Records:
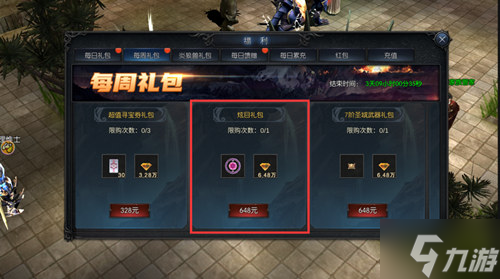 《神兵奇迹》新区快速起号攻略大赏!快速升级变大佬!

---

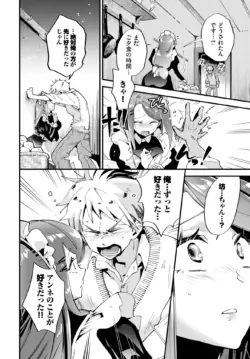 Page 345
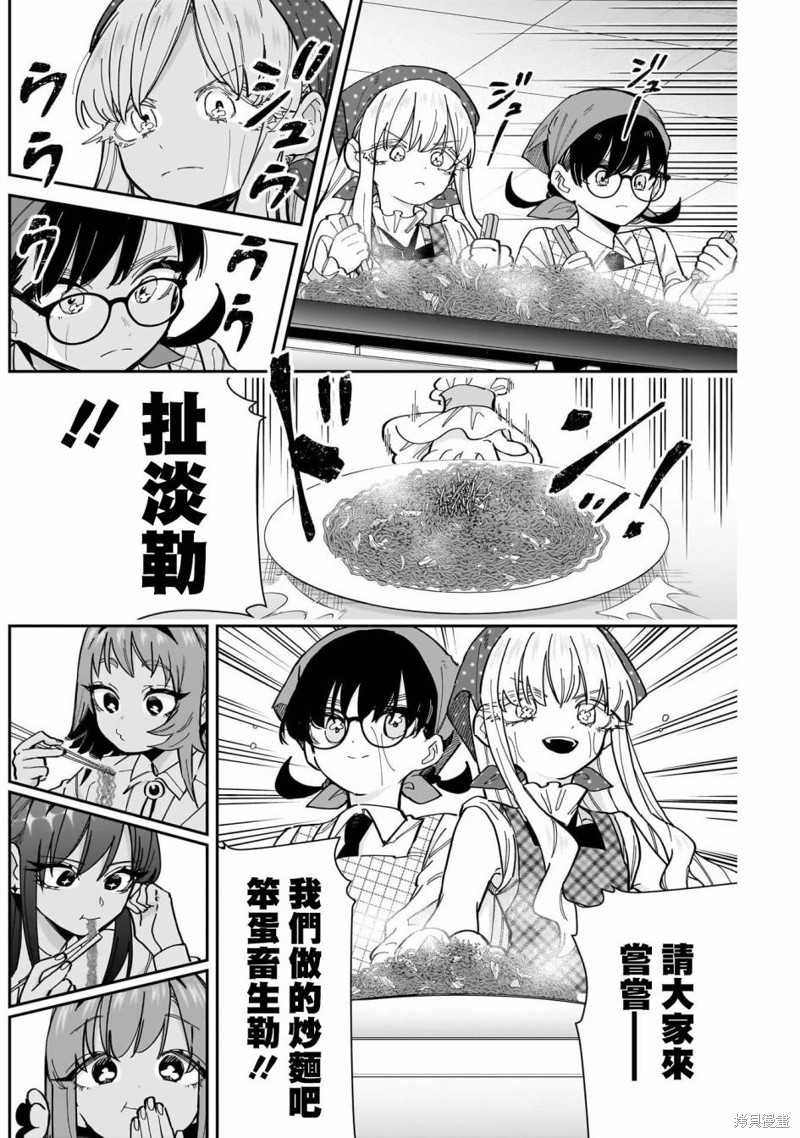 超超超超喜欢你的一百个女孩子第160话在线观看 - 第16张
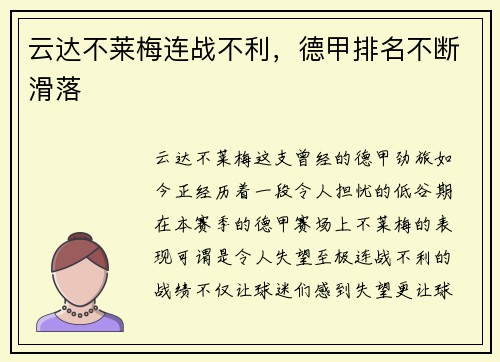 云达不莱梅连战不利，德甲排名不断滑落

--

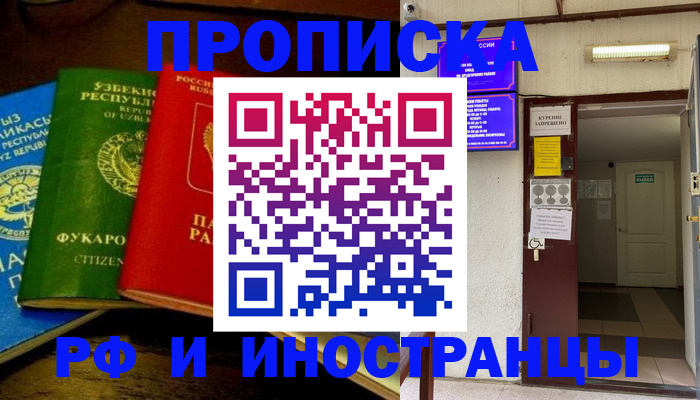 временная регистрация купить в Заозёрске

Assignment: Transcribe only the lines above that start at the line containing "超超超超喜欢你的一百个女孩子第160话在线观看 - 第16张" and end at the line containing "云达不莱梅连战不利，德甲排名不断滑落". Omit pictures.

Answer for the task:
 超超超超喜欢你的一百个女孩子第160话在线观看 - 第16张
 云达不莱梅连战不利，德甲排名不断滑落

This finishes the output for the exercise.